天声人語 【昭和62年】
『平凡』廃刊 1987(昭和62)年 9・28
ひところは大衆娯楽雑誌の世界に君臨していた月刊誌『平凡』と『週刊平凡』が廃刊になる。
萩本欣一が「悲しいよ、悔しいよ」といっている。
欣ちゃんはこの雑誌を読み、芸能人を身近に感じ、自分でもやれると思うようになってこの世界に入った。
敗戦の年に誕生した『平凡』はたちまち百万部を超えた。
7S、つまりスター、スクリーン、ステージ、ソング、スポーツ、セックスを扱って売れた。

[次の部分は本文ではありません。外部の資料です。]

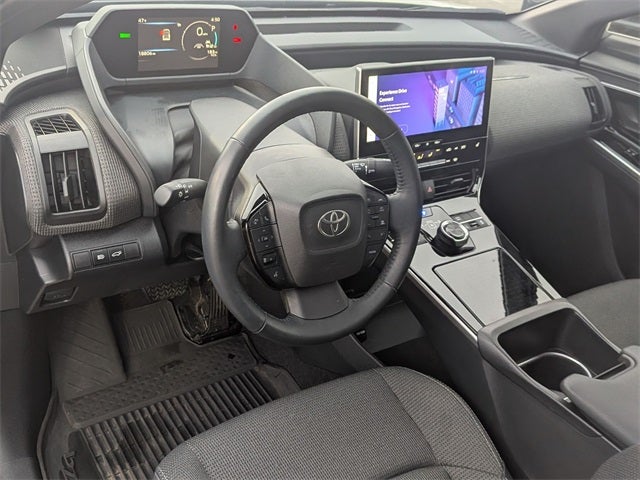 2024 Toyota bZ4X XLE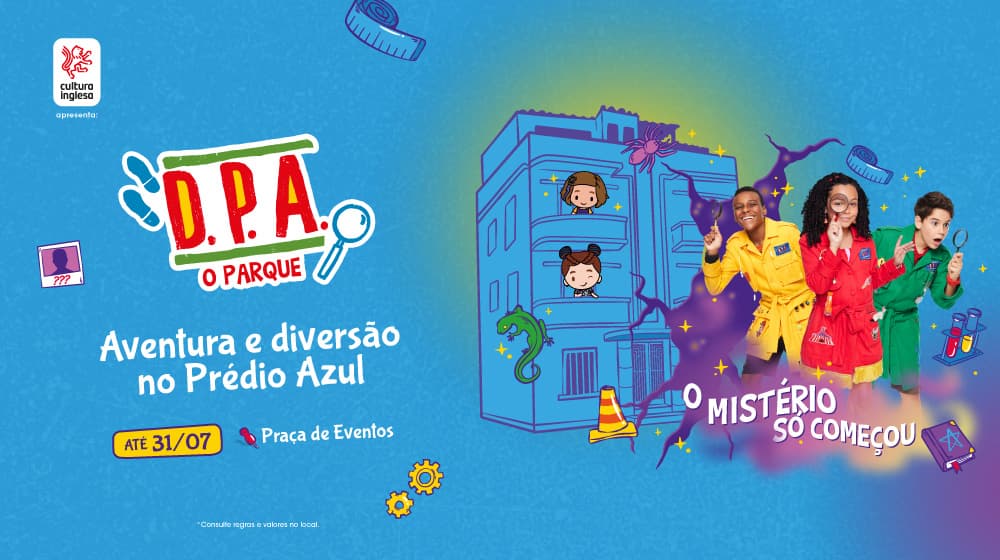 Parque D.P.A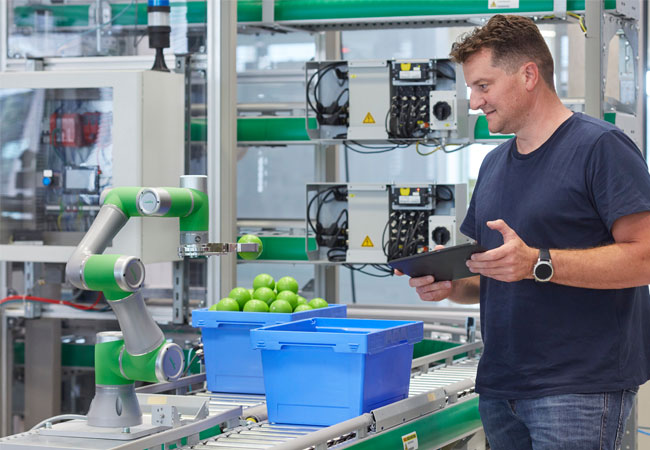 PB: Schneider Electric auf der Interpack 2023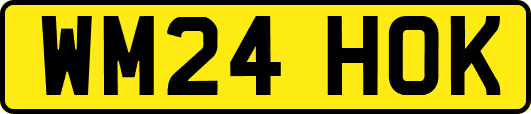 WM24HOK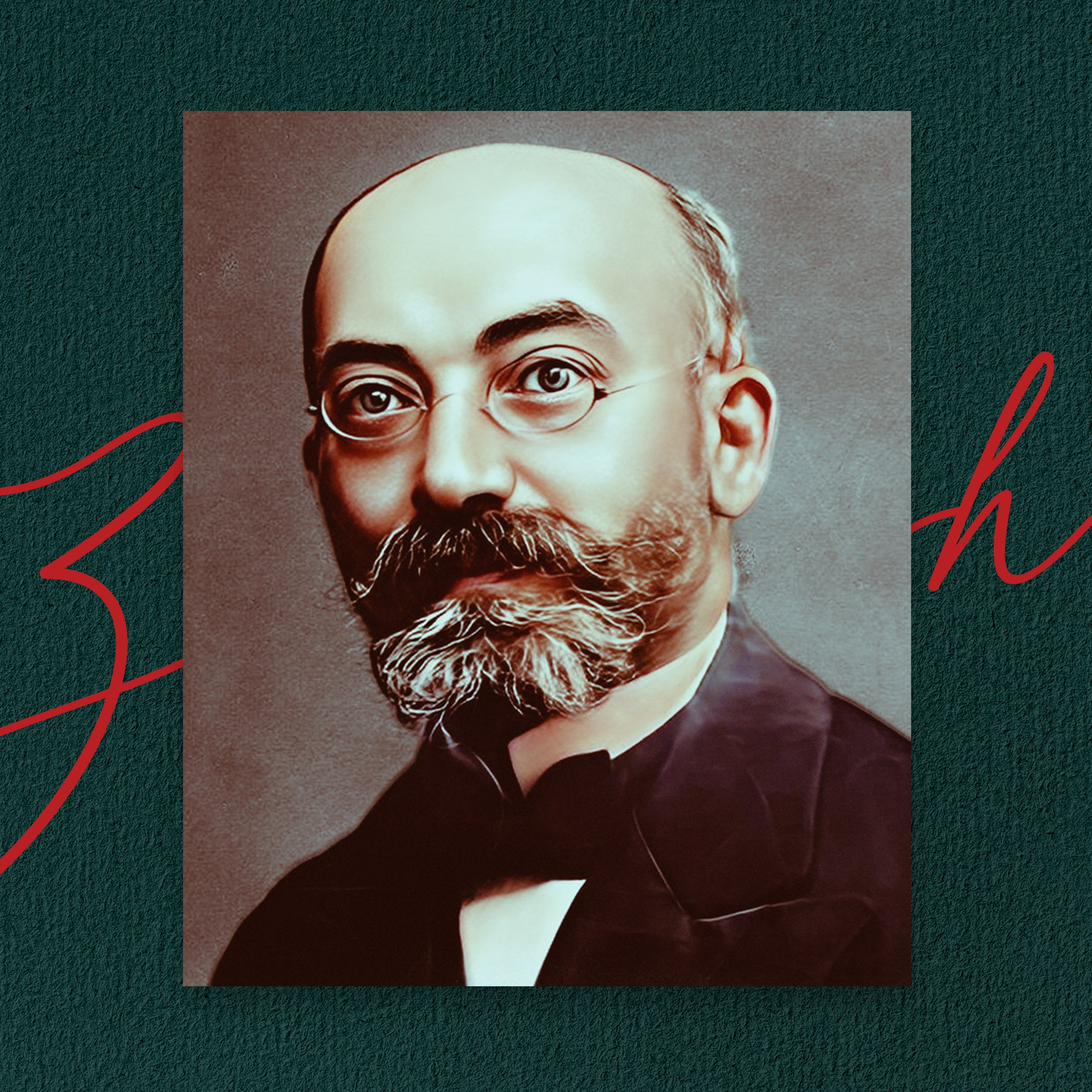 Prekursorzy - 20 wizji lepszego świata - #14 Ludwik Zamenhof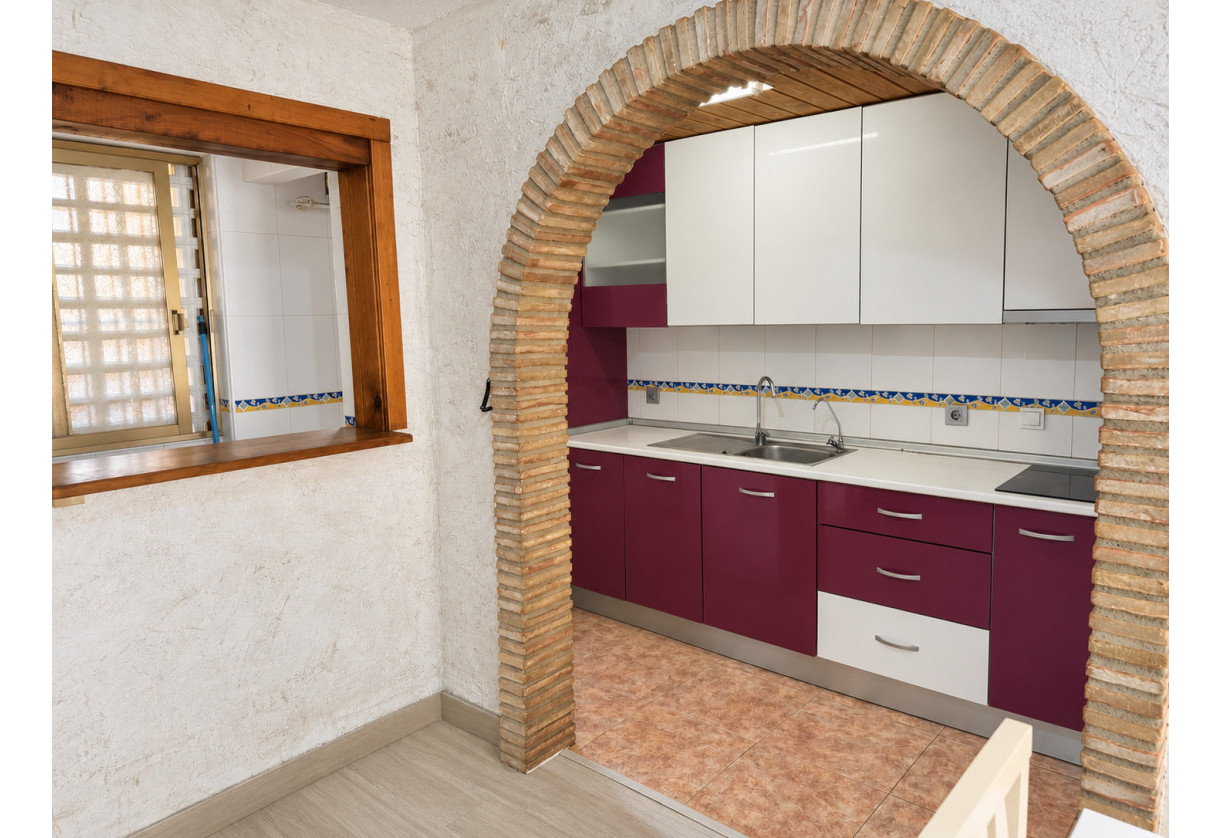 Sale · APARTAMENTO · Torrevieja · playa de los naufragos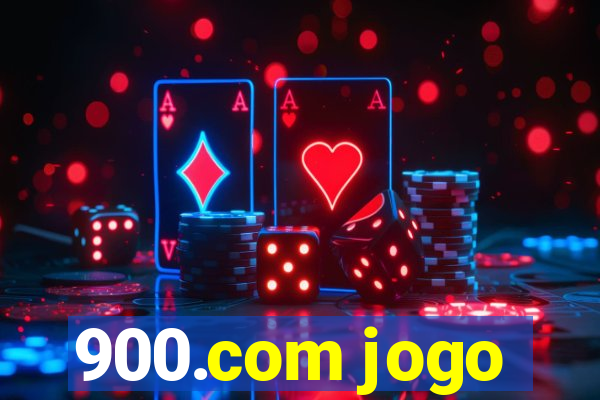 900.com jogo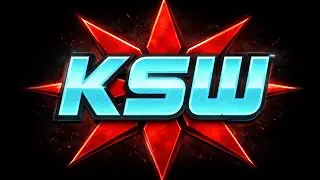 KSW wrestling in Detroit Michigan(WWE 2k25 Universe mode)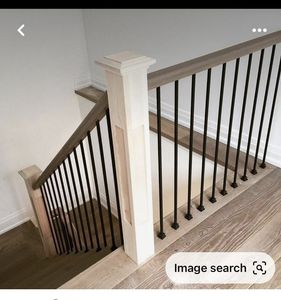 หมวกแก๊ปเสาสนสำหรับรั้วเสา NPC01หมวกกันเน่าสำหรับรั้วกลางแจ้งกล่องจดหมายและดาดฟ้า - Product Image 6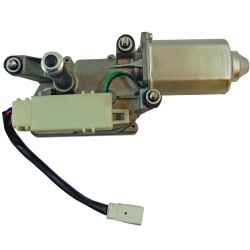 Scheibenwischer-Motor vorne ersetzt 51757281 / 64343021010 für Fiat Doblo Cargo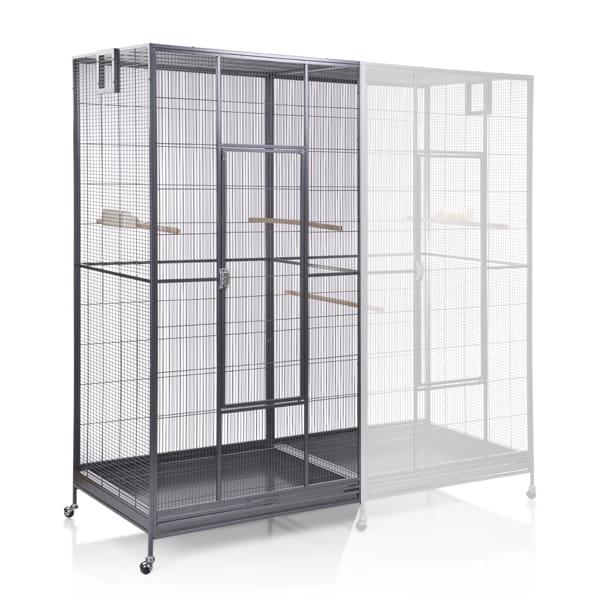 Zestaw poszerzający do Sydney I i II ciemny- od ParrotPlanet.pl - wyłączny przedstawiciel Montana w Polsce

一九五九(昭和三十四年)に生まれた「週刊平凡」は7Sに1Tを加えた。
テレビである。
当時テレビは急成長期にあった。五十九年の普及率は一割強だが、六十五年には八割を超える。
テレビの急成長は次々に人気ものを生み、人気ものを追った「週刊平凡」もまた、急成長した。
この雑誌のおもしろさは異種交配にあった。
第一号の表紙はテレビ界の高橋圭三と映画界の団礼子との組み合わせだ。
以後、三島由紀夫と雪村いづみ、浅沼稲次郎と若尾文子、長嶋茂雄と北原三枝、という組み合わせが表紙を飾った。
七〇年代以降、雑誌の極端な細分化、専門化がはじまり、『週刊平凡』は芸能雑誌化する。
だが、ちまたに芸能情報や暴露記事があふれ、両『平凡』は次第に存立の基盤をゆすぶられる。
それにしても「平凡」というすばらしい表題が出版界から消えるのはさびしい。
雑誌は生きもの時代の子、だという。
人びとは、強烈に自分自身であることを求める時代に入ったのだろうか。